Monday, June 27, 2005

The King

The icon. The hero. The superstar. The one who is everything we desire to be, yet cannot be. Will never be. In kinder, gentler times, we allowed our heroes to scale great heights, saw in their climb some hope for our own victory. We cheered them on, their fame a mechanism for our own transcendence. It was only when we realized that their success would be of no use to us, that our redemption through their stardom was a lie, that we began to throw stones, to knock down those we had idolized only moments before. If they could not bring us up to their level, we'd bring them back down to ours. Then we went searching for a replacement. Now, humiliation is the price of admission. Paris Hilton, Ben Affleck, Jessica Simpson, The Bachelor, The Swan, The American Idol. We demand celebrities we cannot respect. It is as if we finally understand that the superstar will never free us from the mundanity of our own lives. And we hate them for it.
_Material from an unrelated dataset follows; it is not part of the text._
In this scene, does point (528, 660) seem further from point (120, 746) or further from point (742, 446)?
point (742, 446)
We still create stars, but only after the candidate has relinquished their dignity, something we, of course, would never dream of doing. Unless and until we get the opportunity to take their place. Most of these poor, unfortunate souls will be quickly discarded, their future the final degradation offered by tabloids or scandalous courtroom drama. But for those select few whose stars burn brightly and continuously in the collective consciousness, who can truly do no wrong--for it is not allowed--the price is highest. They must allow us to deify them. For, as Harry Crews has written, "Men to whom God is dead worship one another." The cost is far too steep, the lie far too big to be sustained. The price, ultimately, is death. And in that death comes the greatest fame.